ONLY in the USA is there a government mandate that captions on the Internet look the same as captions on TV - and offer the same facilities to the viewer.

Comments inline >>

Best regards,
John

John Birch | Strategic Partnerships Manager | Screen
Main Line : +44 1473 831700 | Ext : 270 | Direct Dial : +44 1473 834532
Mobile : +44 7919 558380 | Fax : +44 1473 830078
John.Birch@screensystems.tv | www.screensystems.tv | https://twitter.com/screensystems

Visit us at
Broadcast Asia 2013, 18 - 21 June 2013, Booths 5E4-01 & 5E4-02, UK Pavillion, Marina Bay Sands, Singapore


P Before printing, think about the environment-----Original Message-----
From: Silvia Pfeiffer [mailto:silviapfeiffer1@gmail.com]
Sent: 23 June 2013 09:31
To: John Birch
Cc: Glenn Adams; public-tt
Subject: Re: A new proposal for how to deal with text track cues

Hi John,

I don't even know if I want to reply to this because there are some fundamental ways in which the Web and Web browsers work that don't seem to be something you subscribe to. As long as we disagree about these approaches and that Web features are necessary, there will be no agreement possible on how a caption format for the Web should work.
I'd rather agree to disagree at that stage. But let's see if we have reached that point yet.

>> Yes the web is different to TV, for a start there is 'something' (page space) outside the video, the video is not always necessarily 'full screen' like TV. And I agree that the web world view of allowing the page viewer to change text size etc. is interesting and that it could have an impact on captioning - and maybe even subtitling. But here is the 'rub'. These user driven changes are related to access issues, which are related generally to captions (translation or same language), i.e. to text for the Hard of Hearing... NOT for all viewers of translation subtitles, where the broadcasters and the viewers are generally both  looking for an intrinsically aesthetically pleasing experience.

On Wed, Jun 19, 2013 at 1:16 PM, John Birch <John.Birch@screensystems.tv> wrote:
> Hi Silvia,
>
> With respect to the specific points in your email:
> RE:  ...the browser has to do something when a line of text has to be wrapped because the video's width is too small to render the text.
> Why should the browser 'do something'? The text should remain relative in size to the video, or if that has readability implications a) one would question the validity of captioning in the first place, and b) the captions should be **specifically purposed** to that reduced screen size. The concept of a one size fits all caption file is invalid. Reduction in the amount of text might be appropriate, or a faster repetition rate of shorter captions might be an alternative strategy. An algorithm cannot even get close to an acceptable presentation automagically without considerably more metadata than is available at this point in the chain.
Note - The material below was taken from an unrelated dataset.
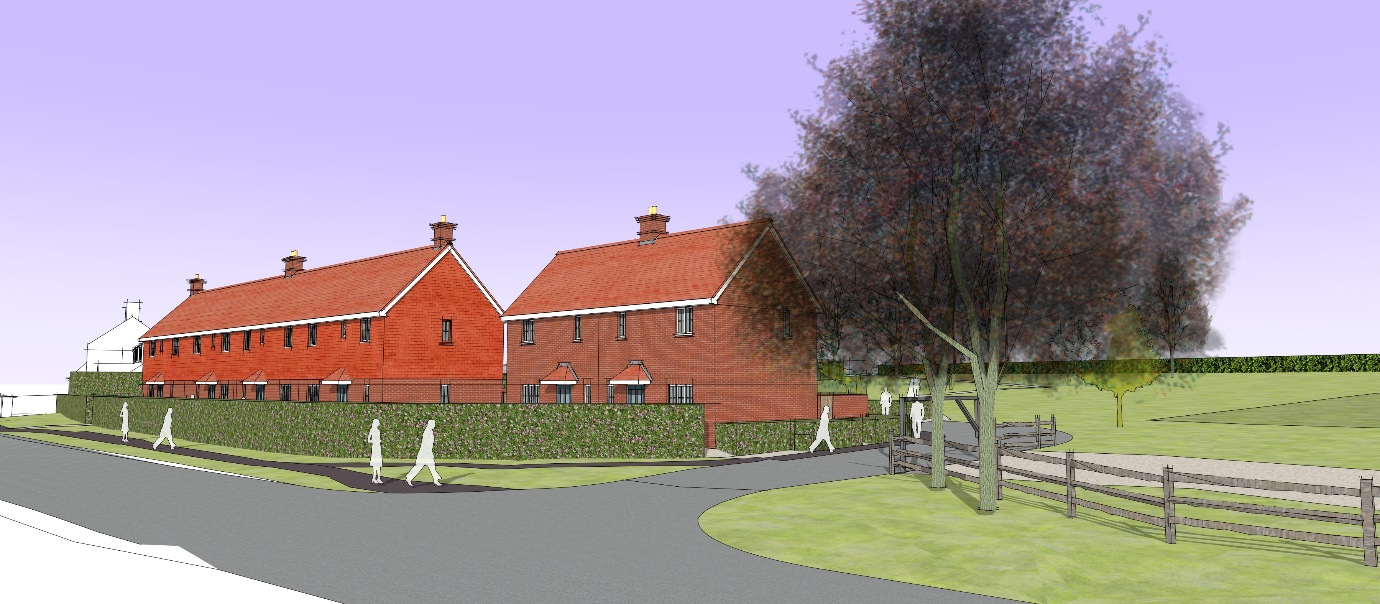 View of the proposed Compton Affordable Housing development from the road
There are situations in which everything was authored well and the browser still has to deal with a need to wrap lines.
For example: Assuming the browser is given a line of text to render onto a video of a given size. Assuming further that the captions were specifically purposed to fit for that viewport size. Browsers allow users to interact with the content, for example increase font size to something that the user finds comfortable to read. Assuming that font size increase makes the text so big that unless the lines are wrapped, words will move off the viewport and disappear. Wrapping lines in such situations is just the lesser of two bad things to do.

>> This might make sense for a caption user (i.e. for accessibility reasons). But frankly I do not believe that the US mechanism of allowing caption size to be changed by the viewer has generally benefitted the US TV users given the impacts it has on word wrapping and readability. US captions are the worst in the world when it comes to accuracy, and consistent speed of presentation (which you'd admit is useful if you have difficulty reading). US captions often vanish within frames of being displayed, giving no time to read them. Increasing the font size generally makes this problem even worse. I agree with the intent of what you are saying, and also agree that it would be great to support larger text presentations for some users, but replicating the IMHO poor US 608 decoder experience on the Internet does not get my vote.

> RE: ... Also, you might want to talk with the people at YouTube that have to deal with a lot of garbage captions that they are getting as input...
> I would not regard most YouTube captioning as 'setting a high bar' in caption / subtitling quality 1/2 ;-).

I disagree with your analysis because I have seen much worse caption display on digital TV or other forms of broadcasting - compared to those, YouTube is setting a very high bar on how it renders captions.
But let's not get into any "he says she says here". ;-)
>> You must have only watched US TV! 1/2 ;-) Most YouTube captions spill single words to the second line... I mean - really! That's forcing the viewer's eyes to re-acquire the text, a process which has been measured as taking up to 1/2 second for some viewers. That's a MAJOR issue. There is considerable research on captioning, and several conferences a year where this sort of research is presented. This is a professional activity and a seriously academic one too! The science of captioning and subtitling is well understood, it's more that many implementations ignore the research of what should be done.
        e
> RE: You might want to check back with the beginnings of TTML to an email about "Iterating toward a solution":...
> And we certainly did iterate towards a solution... but there was no published document that we were calling a standard.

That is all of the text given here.